Churchill died in 1965, but his legacy is all around. The strategies he formulated in the early 1940s to protect Britain from German invasion remain relevant to warfare and business. His political prowess is still admired by aspiring leaders.
However far-reaching his beyond-the-grave influence, though, equating history with the relatively recent phenomenon of climate change would seem far-fetched. Not so, if the reasoning of British billionaire entrepreneur Richard Branson is applied.
Sir Richard advocated at a UN General Assembly debate on the impact of global warming on Monday that a war room modelled on that set up by Churchill in 1940 would be the ideal way to find a solution. Bringing together the world's greatest minds in an environmental nerve centre with the common goal of creating 'an overall battle plan' would catalyse and scale up ideas, he said. Proving his faith in the idea, he put up US$25 million for a war chest and called on the 20 richest governments to match the amount.
The Branson approach is grounded in entrepreneurial muscle, the best possible data and the power to mobilise resources and influence policy. Throw in a war mentality with a Churchillian figure at the helm and theoretically, the solution should be at hand.
Current UN-led efforts do not offer such urgency or optimism. They rely on government will and effort to meet targets and despite the rhetoric, economics is still foremost ahead of the environment for administrations.

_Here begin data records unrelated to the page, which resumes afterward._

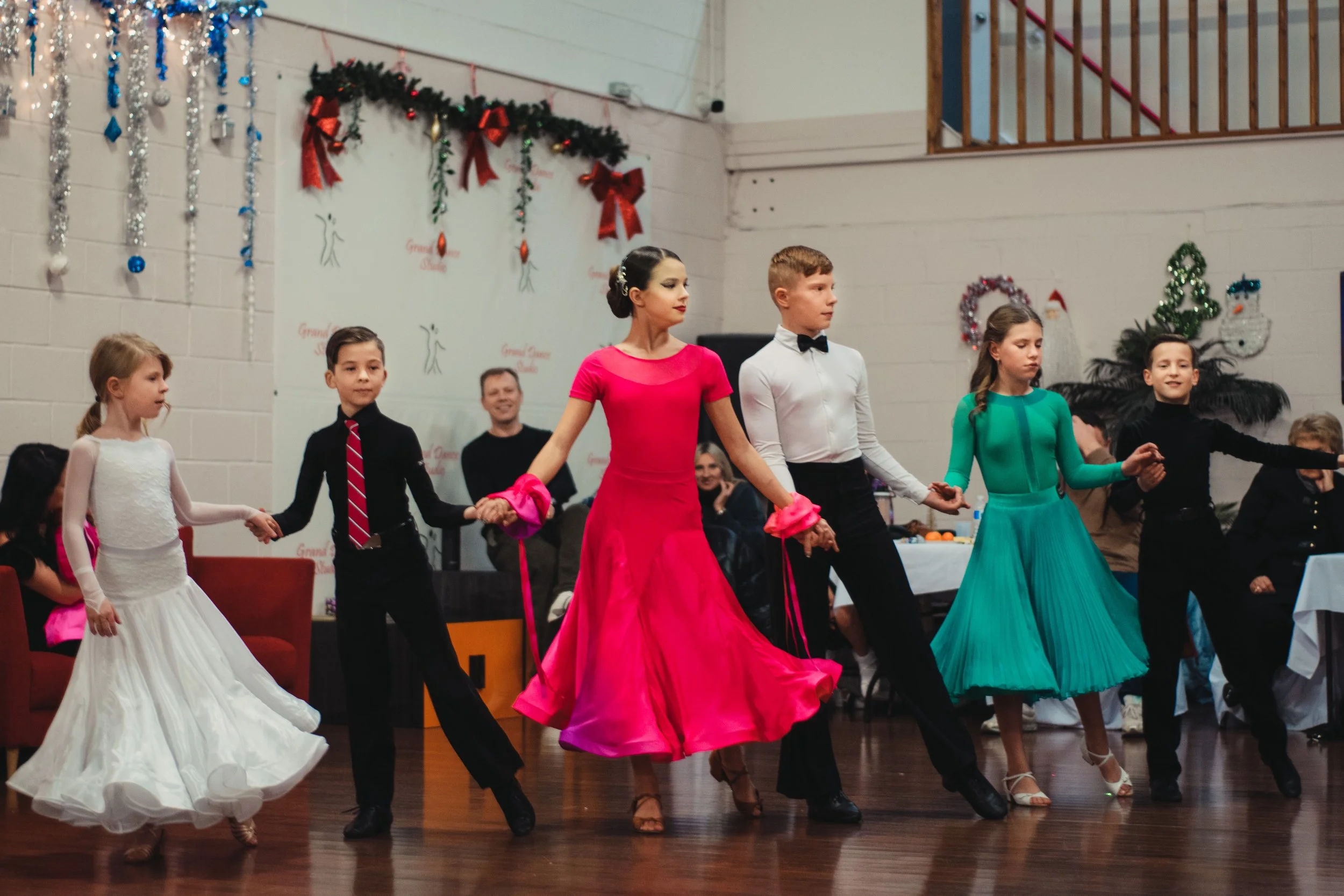 performance 19-2.jpg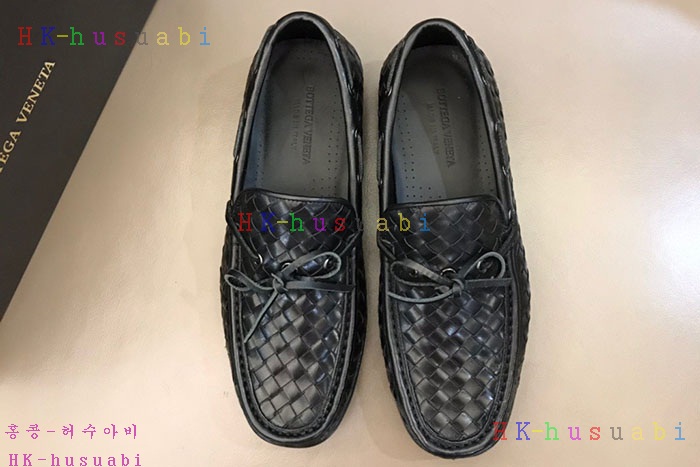 NEW 보테가베네타 신발 신상 BV 472551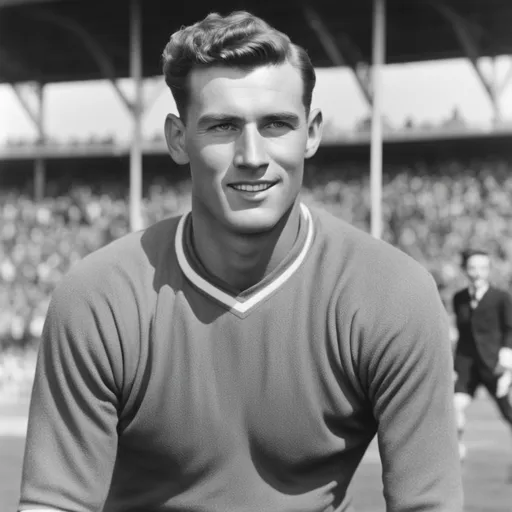 George McLaren (Australian footballer)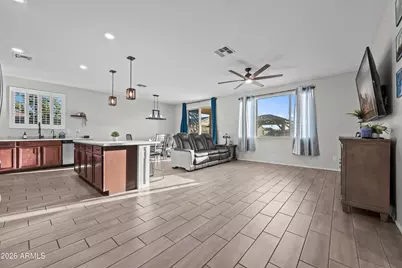 146 S 200th Avenue, Buckeye, AZ 85326 - Photo 5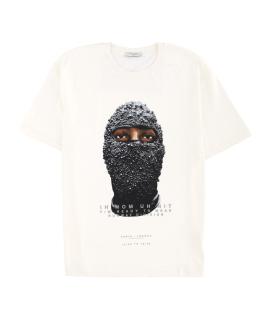 IH NOM UH NIT Футболка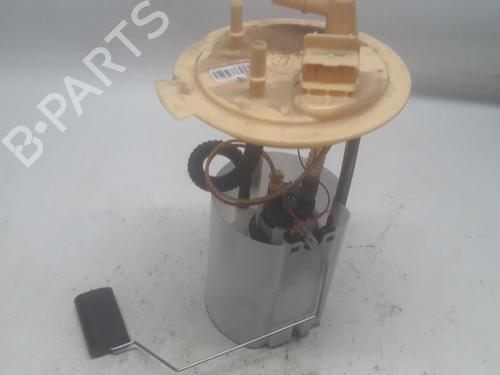 Used Fuel pump Fuel pump FIAT TIPO Estate (356_, 357_) 1.5 T4 Hybrid (131 hp) 11267186 11267186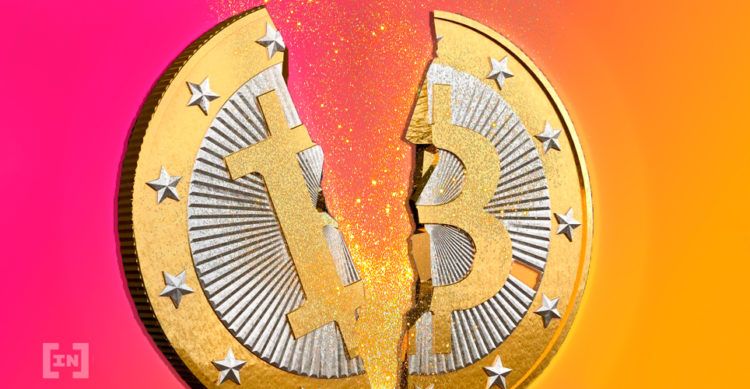 Bitcoin Fiyatındaki Yükseliş Trendi Tehlikede mi?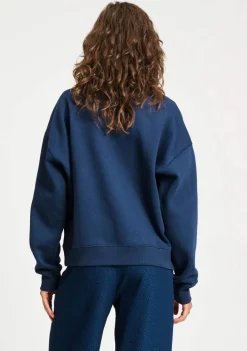 DAMES POM AMSTERDAM SWEATER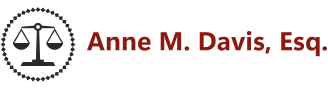 Law Offices of Anne M Davis, Esq.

Politicians have seen the light on global warming. They are calling resoundingly for action; the frontrunners for the US presidency on the Democratic and Republican sides are eager for the nation to break with the Bush government's refusal to join the Kyoto Protocol on climate change.

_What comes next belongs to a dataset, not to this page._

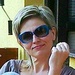 iveta strnadová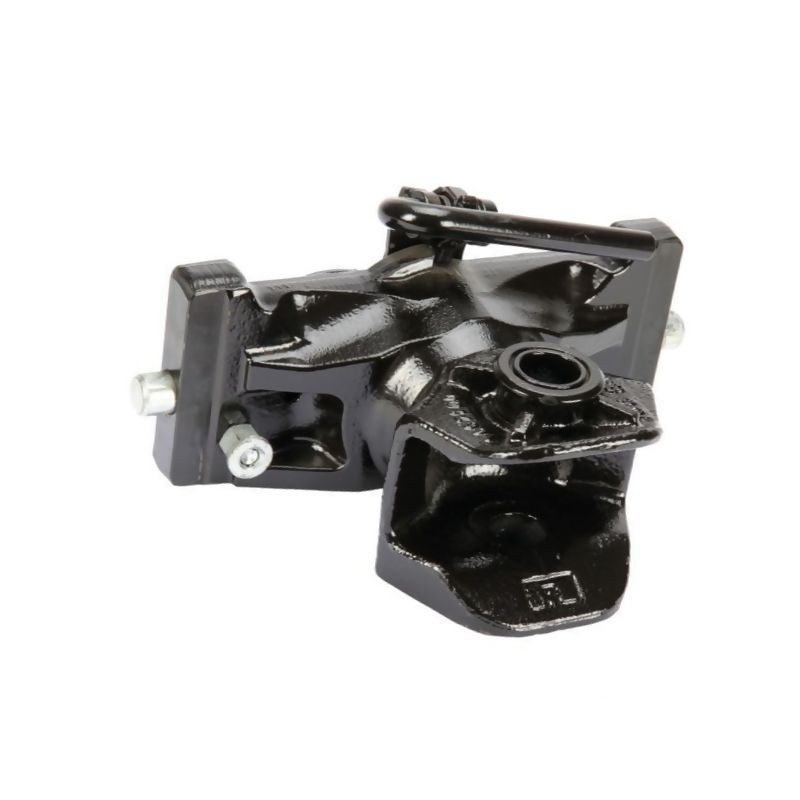 Zaczep Transportowy 300/32/25 Zaczep 32mm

The drawback is that the legislative processes in many nations, notably the US, can be painfully slow. This makes meeting goals on reducing climate change-causing pollution difficult - raising questions that perhaps scientists have set the bar too high.
There is no doubt, though, that urgent action is necessary. Polar ice is melting at an alarming rate, low-lying land is disappearing under rising seas and weather conditions becoming increasingly unpredictable.

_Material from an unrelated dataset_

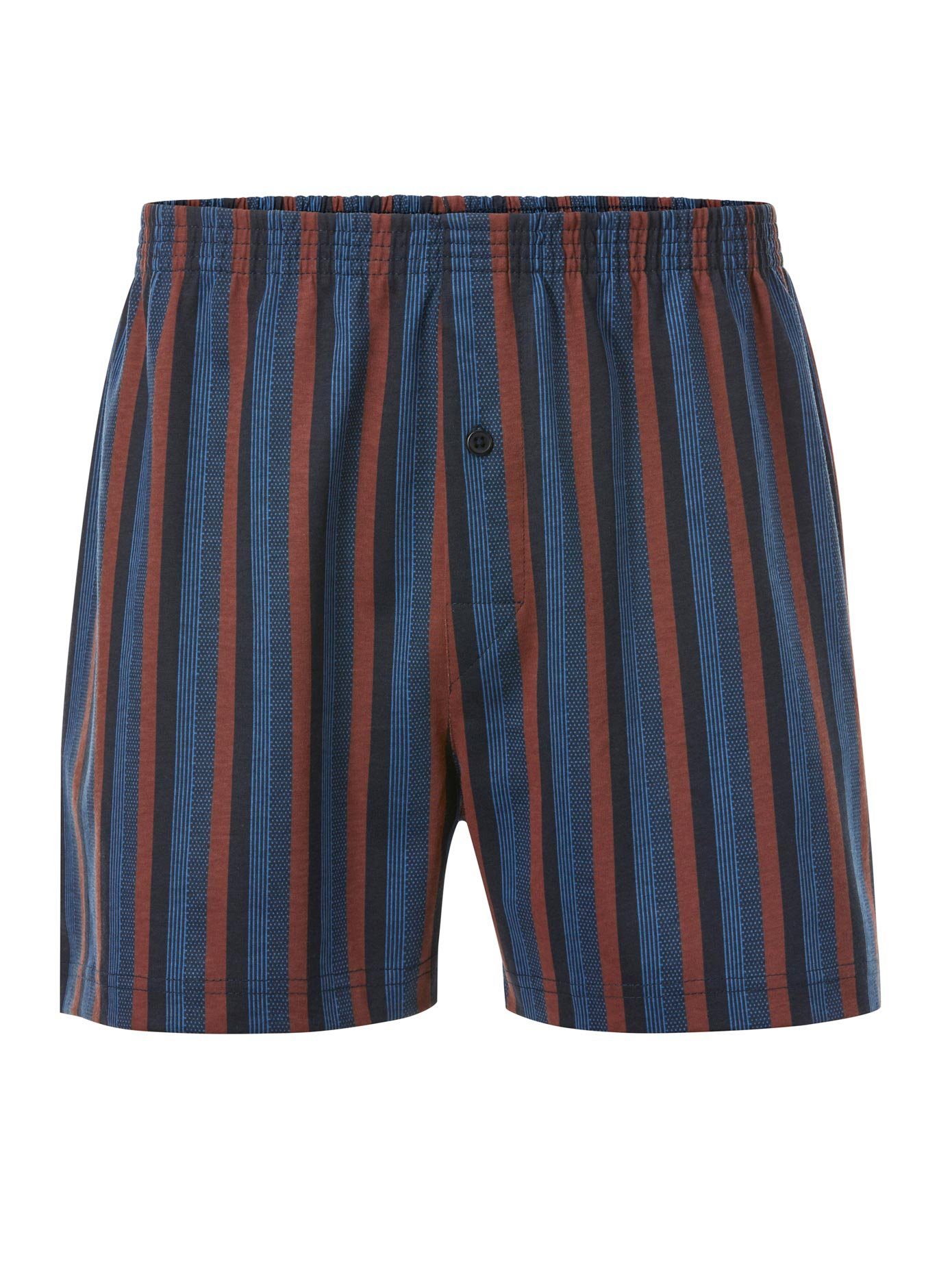 Kings Club Boxershort (3 stuks)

A war mentality to tackle the crisis is necessary.
So, welcome to the world of Churchill. He was swept into power as prime minister in May 1940 and within weeks, the battle of France had been lost and Britain faced invasion. With the air force at half its desired strength, an urgent strategy was needed.
Churchill brought in experts and listened to their views. Aircraft could not be produced quickly enough to stave off the threat of German bombers, so maximising resources was the only solution.
Much of the infrastructure was in place, but it had to be integrated. A cabinet war room in central London was chosen for the task, and from there the effort was co-ordinated through expertise, intelligence and technology. Britain was attacked the following year, but Churchill's strategy paid off. His stature today is in large part down to the success of his war room.
Climate change equates with invasion. Neutralising it will take a masterful strategist backed by a dedicated team of experts, up-to-the-minute information and the latest technology.
Churchills are not born every day. There are, however, people capable of fighting global warming with a war mentality. Former US vice-president and Nobel Peace Prize laureate Al Gore is one; ex-British prime minister Tony Blair is another.
Time is running out. The search has to begin in earnest to find the best person to confront the global warming invasion with unwavering determination.